Es beginnt zu regnen. Mumpf liegt im Grau, ein Strassendorf, das fast keinen Platz hat zwischen dem mächtigen Berg, der sich dahinter erhebt, und dem Rhein. Die Bahngeleise und die Autobahn zwängen sich auch durch die geologische Enge, aber den Pontonieren, die bereits mit Bier am Feuer sitzen, gefällt’s. Alles ein bisschen chaotisch und unaufgeräumt in Mumpf, aber ein wohltuender Gegensatz zu Wallbach. Zwischen den Büschen sehe ich immer wieder die beiden Zwiebeltürme des Fridolinsmünsters in Bad Säckingen, ein vertrauter Anblick für einen, der so oft die Strecke von Basel nach Zürich gefahren ist. Wär’s schon Montag, könnte ich dort drüben einen Kaffee trinken.

Noch ist das nicht möglich. Ich sehe aus der Ferne, wie die Zöllner auf der Autobrücke jeden Wagen anhalten. Die Neugier treibt mich runter zur Holzbrücke, die seit über 700 Jahren dasteht und die längste ihrer Art in ganz Europa sein soll. Gut 200 Meter lang ist sie, ich mache die ersten Schritte, Leute kommen mir entgegen, einen Zöllner sehe ich nicht. In der Mitte quert ein weisser Balken den Gehweg.

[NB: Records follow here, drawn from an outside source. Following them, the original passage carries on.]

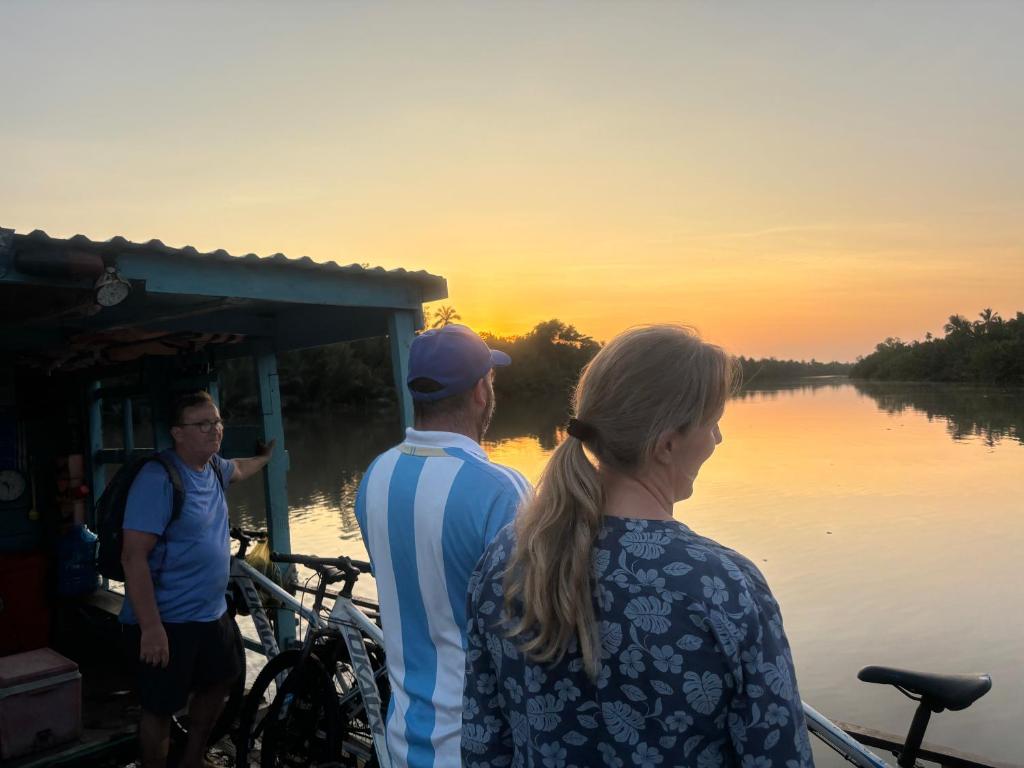 Homestay Bentre Coco Lodge - 18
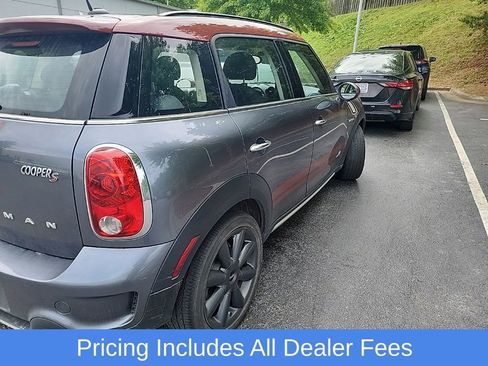 Used 2016 MINI Cooper Countryman S AWD/4WD image 4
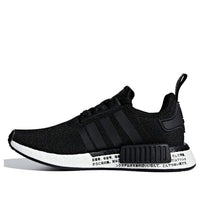 (GS) adidas NMD_R1 J 'Core Black' CG6245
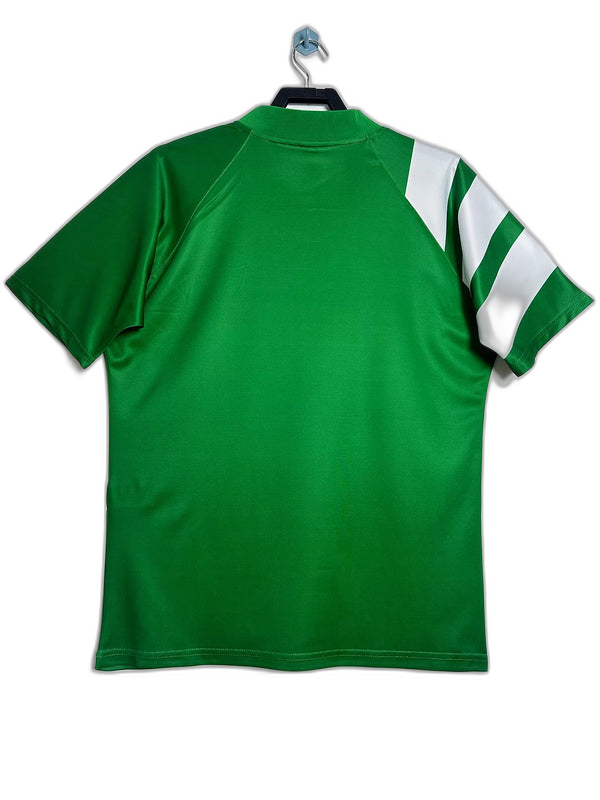 1991-92 Liverpool Away adidas Jersey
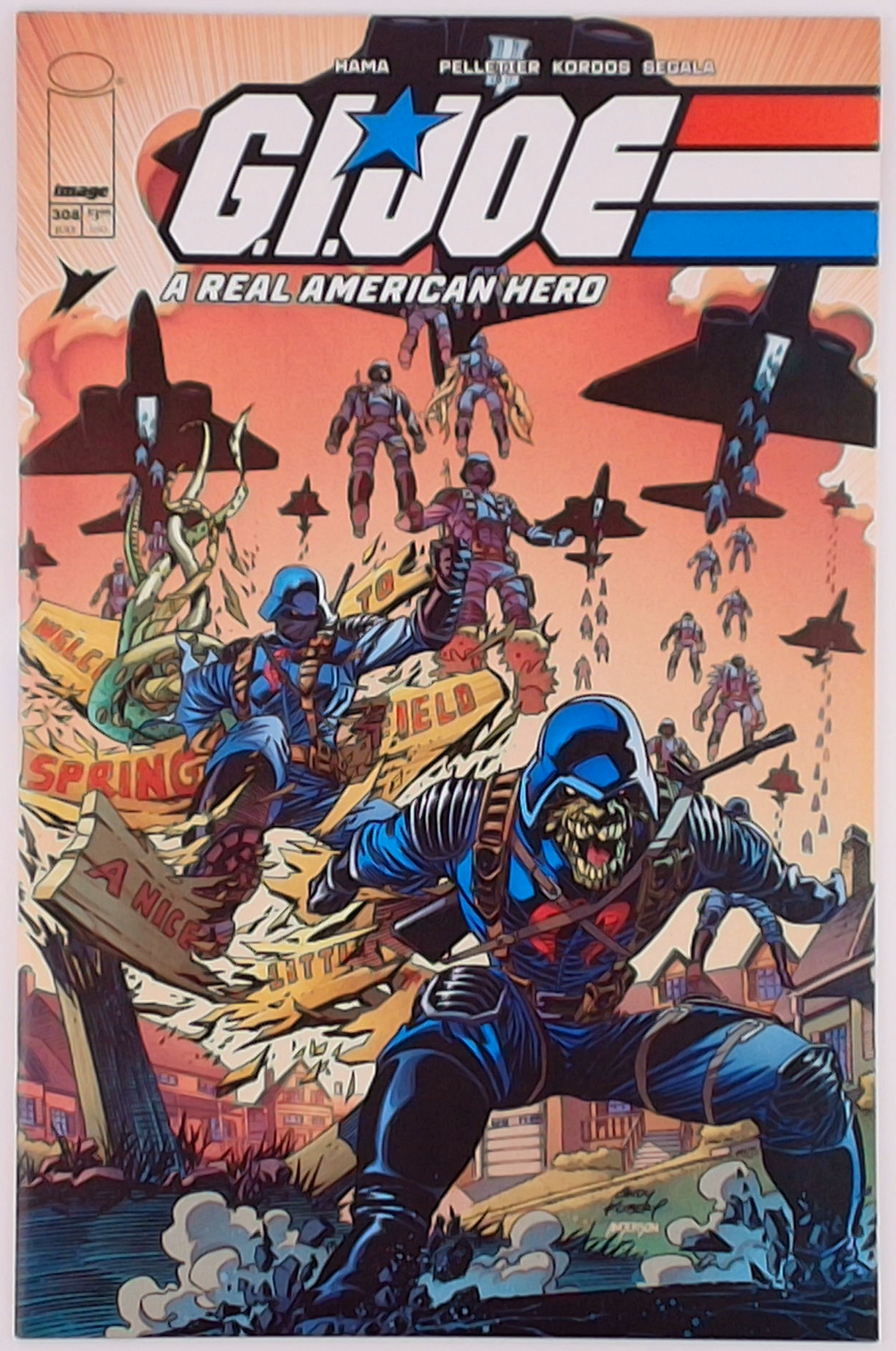G.I. Joe: A Real American Hero 2023 (Image) #308A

Der Schritt über die Grenze

Feierlich überschreite ich ihn und bin seit mehr als drei Monaten wieder in Deutschland. Ob das gut geht? Ich denke an den Vogelschiss auf meiner Jacke heute früh und das angekündigte Glück und will dem Fridolin in seinem Zwiebelturm-Münster zwei Kerzen anzünden.

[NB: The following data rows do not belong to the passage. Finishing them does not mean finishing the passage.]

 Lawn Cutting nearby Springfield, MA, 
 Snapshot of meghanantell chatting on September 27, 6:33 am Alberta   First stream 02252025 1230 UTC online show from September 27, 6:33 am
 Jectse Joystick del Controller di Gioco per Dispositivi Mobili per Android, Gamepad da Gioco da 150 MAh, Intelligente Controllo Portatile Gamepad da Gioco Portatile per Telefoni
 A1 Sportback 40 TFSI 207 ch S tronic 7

Auf der Rheinbrückstrasse, die am Ende der Brücke in Bad Säckingen beginnt, sitzen die Leute an den Cafétischen wie gestern in Rheinfelden. Alle reden badisch oder deutsch, Schweizer gibt es zurzeit keine hier. Als ich mich ebenfalls setze und einen Salat bestelle, irritiert mich ein Blick auf die vom Vogelschiss gereinigte und während des Wanderns zum Trocknen an den Rucksack gehängte Jacke sehr.

Fridolinsmünster in Säckingen

Unterwegs hat ein weiterer Vogel gekackt. Noch grösser, ausgiebiger. Soviel Glück brauche ich nicht. Zu vermelden wäre im weiteren: Die weisse deutsche Salatsauce für Grossküchen gibt es auch nach Corona noch. Das ist kein Lockruf für Gourmets, aber doch beruhigend.

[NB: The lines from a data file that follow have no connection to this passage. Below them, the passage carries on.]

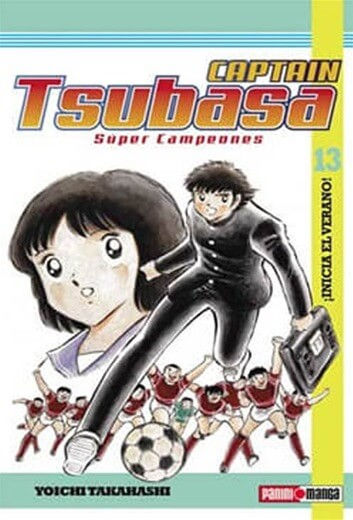 Captain Tsubasa 13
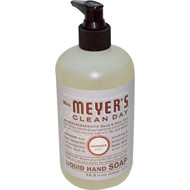 3 PACK of Mrs. Meyers Clean Day, Hand Soap, Lavender Scent, 12.5 fl oz (370 ml)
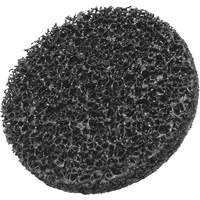 Scotch-Brite Roloc Coating Removal Disc, 3" Dia., Extra Coarse Grit, Silicon Carbide D. Morneault & Fils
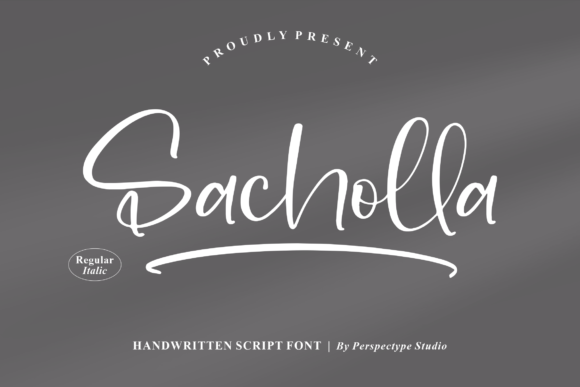 Sacholla Font - Featured Image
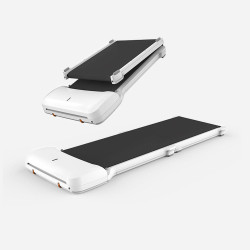 Banda de alergare Xiaomi KingSmith WalkingPad C1 WPC1F, 588W, Pana la 90 kg, 0.5/6 km/h, 0.75 hp, 120x41.5 cm, 2 moduri, Pliabil, Aplicatie mobila, Alb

Zwischen Säckingen und Laufenburg braten die Leute ihre Wochenend-Wurst, Fischer sitzen auf Klappstühlen und rauchen, in Sisseln mähen sie Rasen oder tun ihren Gärten sonstwie Gutes an. Immer schön dem Rhein entlang. Steht ein Bunker da, muss man die Böschung hoch- und danach wieder runtersteigen, bei den vielen Fischerhäuschen zwängt sich der Pfad irgendwie dran vorbei.

Einer der Fischer hat einen Wels mit beidseitig vom Maul abstehenden Schnauzhaaren aus dem Wasser gezogen. Die Schnauzhaare nennt er «Bartel». Bei diesem Fischer kann man wahrscheinlich etwas lernen, darum bleibe ich stehen. Aber er schweigt eisern, sitzt auf dem Klappstuhl, den Hund neben sich, er hält die Zigarette, leicht vorgestreckt, regungslos auf Brusthöhe. Der Rauch steigt senkrecht hoch. Ich frage, ob gutes Fischwetter sei. Für den Wels habe es zuviel Bise, sagt er. Der Rauch der Zigarette steigt weiterhin senkrecht hoch. Die Fischerrute zuckt leicht und ich frage mich, was der Wels gegen die Bise habe. Der Hund beginnt zu bellen, und der Mann herrscht ihn an: «Sei still, Maite, sei still.» Ich bin wohl mitgemeint, verabschiede mich und ziehe dahin mit der Bürde des Rucksacks und der ungelösten Frage, warum der Wels bei Bise nicht anbeisst.

Marktgasse Laufenburg

Wie eine Trutzberg liegt vorn das Laufenburger Kraftwerk quer über dem Rhein. Auf einer Wiese herrscht hüllenloses Sonnenbaden, ausgeübt von wohlgenährten Mittfünfzigern. Man möchte sich intensiv dem Anblick von irgendwas anderem widmen, zum Beispiel von Blumen. Aber die Wiese ist grad eben gemäht worden. Laufenburg liegt dann malerisch auf einem Rheinfels, in der Altstadt blüht die Alternativ- und Kreativwirtschaft und Frau Dietz bietet in der Marktgasse ein B&B-Zimmer mit Frühstück für fünfzig Franken an. Das ist beruhigend, denn die Wetter-App kündet einen Sturm an. Das Zimmer liegt genau über dem Brocki-Laden von Frau Dietz. Den muss man erst durchqueren. In diesem Jahr hat sie ihn noch gar nie aufgemacht, sagt sie. Vielleicht im Sommer.